Since then, bankruptcy courts in Colorado, Texas, and Delaware have joined the fray in the debate on this issue. As discussed in more detail below, their findings and conclusions on the real covenants question varied due to the facts of the cases and the applicable state law. However, in a notable development, some of these courts have ruled that the answer to this question does not matter for the purpose of determining whether a gathering agreement can be rejected in bankruptcy. Instead, those courts have held that a gathering agreement can be rejected (or sold free and clear) even if it creates a covenant that runs with the land under applicable law.

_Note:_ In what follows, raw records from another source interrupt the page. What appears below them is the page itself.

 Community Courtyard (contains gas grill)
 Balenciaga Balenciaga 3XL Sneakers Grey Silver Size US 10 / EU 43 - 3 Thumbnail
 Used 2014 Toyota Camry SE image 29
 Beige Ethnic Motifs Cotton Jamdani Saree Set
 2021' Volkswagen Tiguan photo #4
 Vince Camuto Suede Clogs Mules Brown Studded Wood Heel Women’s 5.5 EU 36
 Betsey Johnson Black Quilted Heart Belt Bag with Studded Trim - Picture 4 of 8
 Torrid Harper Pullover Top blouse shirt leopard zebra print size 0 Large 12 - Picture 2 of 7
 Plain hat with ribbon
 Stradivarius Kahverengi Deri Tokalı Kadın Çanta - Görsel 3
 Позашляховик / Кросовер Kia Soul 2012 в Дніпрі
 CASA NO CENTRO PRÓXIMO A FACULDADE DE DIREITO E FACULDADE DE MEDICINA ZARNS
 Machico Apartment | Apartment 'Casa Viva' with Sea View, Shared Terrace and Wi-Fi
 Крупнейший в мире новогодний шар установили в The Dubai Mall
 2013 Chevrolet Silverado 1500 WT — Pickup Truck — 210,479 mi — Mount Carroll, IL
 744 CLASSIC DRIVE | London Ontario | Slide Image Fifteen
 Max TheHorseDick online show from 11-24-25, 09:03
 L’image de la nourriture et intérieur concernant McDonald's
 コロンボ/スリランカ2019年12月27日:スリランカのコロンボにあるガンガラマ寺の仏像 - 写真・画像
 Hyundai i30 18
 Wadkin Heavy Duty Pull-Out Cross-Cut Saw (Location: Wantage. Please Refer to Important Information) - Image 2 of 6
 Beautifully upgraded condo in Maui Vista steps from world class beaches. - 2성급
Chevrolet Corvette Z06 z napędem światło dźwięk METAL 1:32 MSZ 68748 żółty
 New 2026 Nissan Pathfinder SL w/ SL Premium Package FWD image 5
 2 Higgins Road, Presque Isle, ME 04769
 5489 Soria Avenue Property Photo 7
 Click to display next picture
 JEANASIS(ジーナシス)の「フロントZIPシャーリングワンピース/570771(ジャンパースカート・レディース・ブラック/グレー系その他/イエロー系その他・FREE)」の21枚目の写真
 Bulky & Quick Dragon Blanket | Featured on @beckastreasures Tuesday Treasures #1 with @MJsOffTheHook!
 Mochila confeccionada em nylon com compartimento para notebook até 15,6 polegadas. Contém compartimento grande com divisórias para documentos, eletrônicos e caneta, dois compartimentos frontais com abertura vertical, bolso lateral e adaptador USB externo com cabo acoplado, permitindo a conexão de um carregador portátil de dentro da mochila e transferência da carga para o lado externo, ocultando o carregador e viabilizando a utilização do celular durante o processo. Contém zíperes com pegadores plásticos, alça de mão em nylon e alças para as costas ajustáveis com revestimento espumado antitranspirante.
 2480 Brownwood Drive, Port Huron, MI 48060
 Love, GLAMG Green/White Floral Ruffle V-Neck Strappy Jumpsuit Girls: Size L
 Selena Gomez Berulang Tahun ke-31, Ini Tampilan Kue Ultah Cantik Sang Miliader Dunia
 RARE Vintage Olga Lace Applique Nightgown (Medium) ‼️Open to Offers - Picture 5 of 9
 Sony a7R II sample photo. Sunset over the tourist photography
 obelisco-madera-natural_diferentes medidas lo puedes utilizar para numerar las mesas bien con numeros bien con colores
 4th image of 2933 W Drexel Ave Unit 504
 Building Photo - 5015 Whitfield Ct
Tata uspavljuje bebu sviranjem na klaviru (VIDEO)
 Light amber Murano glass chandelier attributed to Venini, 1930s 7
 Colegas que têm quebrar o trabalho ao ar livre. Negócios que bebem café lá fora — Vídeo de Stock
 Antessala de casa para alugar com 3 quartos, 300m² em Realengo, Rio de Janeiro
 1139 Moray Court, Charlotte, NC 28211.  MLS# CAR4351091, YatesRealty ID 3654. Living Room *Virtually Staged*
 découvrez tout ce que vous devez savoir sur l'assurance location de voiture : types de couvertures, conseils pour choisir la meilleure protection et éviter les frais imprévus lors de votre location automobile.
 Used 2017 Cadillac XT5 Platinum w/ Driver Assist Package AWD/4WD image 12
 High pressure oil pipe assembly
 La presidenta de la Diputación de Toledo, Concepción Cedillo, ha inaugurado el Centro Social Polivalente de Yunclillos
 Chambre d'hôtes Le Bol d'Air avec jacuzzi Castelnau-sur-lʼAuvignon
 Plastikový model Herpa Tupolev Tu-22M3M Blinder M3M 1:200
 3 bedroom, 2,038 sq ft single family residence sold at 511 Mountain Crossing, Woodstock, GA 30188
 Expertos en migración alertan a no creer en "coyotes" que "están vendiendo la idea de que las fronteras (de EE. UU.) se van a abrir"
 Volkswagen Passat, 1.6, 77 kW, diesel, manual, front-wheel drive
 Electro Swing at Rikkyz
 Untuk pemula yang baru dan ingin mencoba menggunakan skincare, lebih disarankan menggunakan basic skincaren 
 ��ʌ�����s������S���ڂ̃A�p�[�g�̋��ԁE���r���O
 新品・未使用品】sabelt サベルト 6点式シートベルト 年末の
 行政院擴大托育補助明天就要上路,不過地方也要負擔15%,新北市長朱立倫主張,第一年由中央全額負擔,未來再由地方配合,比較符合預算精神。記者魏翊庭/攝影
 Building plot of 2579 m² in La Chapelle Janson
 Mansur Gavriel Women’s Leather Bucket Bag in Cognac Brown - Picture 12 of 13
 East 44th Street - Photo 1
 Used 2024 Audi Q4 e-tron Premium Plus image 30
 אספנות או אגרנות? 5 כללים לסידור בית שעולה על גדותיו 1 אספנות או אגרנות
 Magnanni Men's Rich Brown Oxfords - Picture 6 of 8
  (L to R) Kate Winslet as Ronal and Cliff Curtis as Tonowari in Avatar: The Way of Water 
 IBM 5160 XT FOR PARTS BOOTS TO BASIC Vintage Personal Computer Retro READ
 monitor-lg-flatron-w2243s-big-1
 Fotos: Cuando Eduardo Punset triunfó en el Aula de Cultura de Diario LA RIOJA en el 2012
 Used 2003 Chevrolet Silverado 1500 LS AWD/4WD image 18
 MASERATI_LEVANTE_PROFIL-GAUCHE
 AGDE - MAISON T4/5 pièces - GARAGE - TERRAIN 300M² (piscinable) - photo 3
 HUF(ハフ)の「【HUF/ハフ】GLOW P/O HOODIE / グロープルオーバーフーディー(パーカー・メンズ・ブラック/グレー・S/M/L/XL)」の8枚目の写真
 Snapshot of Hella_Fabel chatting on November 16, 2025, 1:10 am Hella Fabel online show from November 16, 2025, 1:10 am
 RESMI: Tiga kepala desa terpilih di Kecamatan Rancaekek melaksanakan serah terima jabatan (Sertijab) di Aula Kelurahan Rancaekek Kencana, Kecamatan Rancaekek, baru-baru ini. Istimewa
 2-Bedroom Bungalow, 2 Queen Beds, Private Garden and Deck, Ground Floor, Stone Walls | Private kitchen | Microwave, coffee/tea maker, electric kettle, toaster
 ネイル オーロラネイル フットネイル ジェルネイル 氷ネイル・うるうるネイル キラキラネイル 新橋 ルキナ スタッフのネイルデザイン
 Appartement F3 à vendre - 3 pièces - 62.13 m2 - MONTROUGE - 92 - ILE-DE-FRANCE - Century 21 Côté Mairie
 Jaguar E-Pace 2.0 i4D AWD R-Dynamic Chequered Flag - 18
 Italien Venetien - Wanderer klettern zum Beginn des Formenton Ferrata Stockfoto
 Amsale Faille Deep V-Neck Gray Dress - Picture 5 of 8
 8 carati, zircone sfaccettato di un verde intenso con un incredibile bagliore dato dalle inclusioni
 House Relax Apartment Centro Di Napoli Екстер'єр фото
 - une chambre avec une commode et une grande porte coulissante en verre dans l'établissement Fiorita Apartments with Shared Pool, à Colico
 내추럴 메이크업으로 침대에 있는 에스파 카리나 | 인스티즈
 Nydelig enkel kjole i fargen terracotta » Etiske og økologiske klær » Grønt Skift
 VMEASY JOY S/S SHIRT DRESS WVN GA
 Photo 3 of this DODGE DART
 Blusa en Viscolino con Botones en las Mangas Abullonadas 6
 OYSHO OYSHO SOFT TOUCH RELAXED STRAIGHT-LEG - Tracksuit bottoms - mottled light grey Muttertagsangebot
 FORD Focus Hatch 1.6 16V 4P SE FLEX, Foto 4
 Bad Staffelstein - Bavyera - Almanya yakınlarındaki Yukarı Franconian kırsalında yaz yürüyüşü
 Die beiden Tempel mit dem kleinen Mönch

In Sabine Oil, the debtors filed a motion to reject three gas gathering and handling agreements governed by Texas law. The counterparties argued that the relevant hydrocarbon dedications in the agreements were covenants running with the land that would survive rejection. Under Texas law, at least four conditions must be met for a covenant to run with the land: (i) it "touches and concerns the land"; (ii) it relates to a thing in existence or specifically binds the parties and their assigns; (iii) the covenant is intended by the original parties to run with the land; and (iv) the successor to the burden has notice of the covenant. A covenant "touches and concerns" land if it: (i) reduces the promisor's legal relations or increases the promisee's legal relations with respect to the land; or (ii) affects the nature, quality, or value of the subject of the covenant or affects the mode of enjoying it. Some courts have held that a fifth requirement—"horizontal privity of estate," meaning a mutual or successive relationship to the same rights in property—is also required. The bankruptcy court approved rejection of the gathering agreement over the counterparties' objections.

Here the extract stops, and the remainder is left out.